As Jews, having survived over three millenniums against seemingly insurmountable odds, we have no choice but to believe in miracles. Whether it be moments of divine intervention, or the herculean efforts of extraordinary leaders, the existence of the Jewish people is irrefutably intertwined with miraculous events.
So ingrained in us is our awe of the miraculous that we have two major holidays that commemorate them – Hanukkah, and Purim. We recite the prayer Al Ha’nissim on both holidays, giving thanks to God for the privilege of having witnessed them. We say a special blessing expressing gratitude: “… to the Lord our God who performed miracles for our ancestors in those days, at this season.”
There is a passage in the Tanakh that always made me pause as child:
“You have made man a little lower than the angels, and have crowned him with glory and honour,” Psalms: 8:5.
Long after I learned this passage, I regularly pondered what it truly meant. How could this be? Why are we considered just a little lower than the angels?
After all, angels, the renowned malakim, are among the most incredibly powerful beings ever depicted in any of the worldwide religious traditions. Angels are often described as benevolent celestial entities, traversing between the heavenly and earthly realms, messengers and emissaries that appear in countless stories and episodes in Abrahamic lore, acting as intermediaries between humanity and God himself.
My personal favourite is the story of the angel that is sent to “wrestle” with Jacob and test his resolve while on a journey back to his home in Canaan, a test we are taught that Jacob ultimately passes and thus gains the respect of God so much that we see the first recorded reference of the word Israel – Jacob is honoured for his endurance by being renamed Israel, loosely translated to “he who grapples with God.”
Essentially, to use the parlance of our modern age, angels are kind of a big deal.
Thus, I could not grasp during my studies as a child how could we possibly be just a little lower than the angels. How could it be that we human beings, imperfect, heavily flawed, prone to the basest of emotions such as jealousy, cruelty, pettiness and spite – how could we be anywhere close in hierarchy to these awe-inspiring supernatural beings?
The truth, I realized over the years, is that human beings are indeed imbued with the capacity for miracles – from the very moment we begin our existence. The first miracle happens when we are simply born, an event so improbable that scientists famously calculated the odds to be about 1 in 400 trillion.
We forget that the Hebrew word for miracle – nes – come from the root word nisayon, which means test. As human beings, we are constantly being tested, called upon to perform great feats of courage and resilience that may at first glance seem to far supersede our capabilities. In essence, we perform miracles every single day on this planet, feats that truly are almost worthy of being performed by angels themselves.
On holidays like Hanukkah and Purim, we rightfully seek to honour the big miraculous moments because of how perilous and tenuous our history as Jewish people has been – but it is important that we also take stock of how much we all as human beings have accomplished, and have potential yet to accomplish. We are collectively living a giant miracle, right now.

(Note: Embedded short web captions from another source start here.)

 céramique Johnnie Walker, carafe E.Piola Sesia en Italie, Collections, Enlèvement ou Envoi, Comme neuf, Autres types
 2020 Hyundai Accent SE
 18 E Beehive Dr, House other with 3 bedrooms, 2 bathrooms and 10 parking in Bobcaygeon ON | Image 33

Every time a doctor saves a life, or a scientist has a new breakthrough, or an architect designs a more efficient building, or we release a new piece of software that saves people time on a daily basis so that they can spend more time with their loved ones – these are miracles, and we are miracle-makers.

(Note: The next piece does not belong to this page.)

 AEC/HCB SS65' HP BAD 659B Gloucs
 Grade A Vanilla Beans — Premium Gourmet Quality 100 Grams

Hanukkah and Purim commemorate jaw-dropping moments when ordinary people rose to the challenge of adversity, and achieved the extraordinary. As human beings, we sometimes forget that we all possess the capacity of angels, imbued from our very beginning with gifts of courage, endurance, resilience and faith.
Take for example the story of Purim. We forget that in the text, the name of God is not mentioned once. Instead, it is Esther and her uncle Mordechai who play central roles in saving the Jewish people from absolute calamity. Facing the spectre of genocide, they rise to the occasion and become almost angelic in their actions. They are early examples of my point – that when tested, human beings possess the capacity to emulate God and perform acts of gargantuan impact that would have before seemed impossible.

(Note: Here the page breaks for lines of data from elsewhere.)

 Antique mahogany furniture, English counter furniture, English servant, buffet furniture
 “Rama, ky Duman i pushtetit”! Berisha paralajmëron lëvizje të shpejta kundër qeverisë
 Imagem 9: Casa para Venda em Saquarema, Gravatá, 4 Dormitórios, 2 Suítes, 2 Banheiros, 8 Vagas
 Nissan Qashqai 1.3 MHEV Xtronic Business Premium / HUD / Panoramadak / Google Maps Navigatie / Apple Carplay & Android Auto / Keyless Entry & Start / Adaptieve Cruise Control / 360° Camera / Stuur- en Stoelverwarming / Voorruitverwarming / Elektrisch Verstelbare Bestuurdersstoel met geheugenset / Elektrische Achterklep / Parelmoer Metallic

Though we gather every year on Hanukkah and Purim to seek inspiration from celebrating the joy of the miraculous, let us not forget how powerful we all are. Every single day, with every single improbable breath we take on this crazy rock in the universe called Earth, we are being tested – and every single day, we pass those tests and hurtle onward, performing miracle after miracle until we go to bed – hopeful that God gives a chance to wake up the next day, ready to undertake another series of seemingly improbable tests.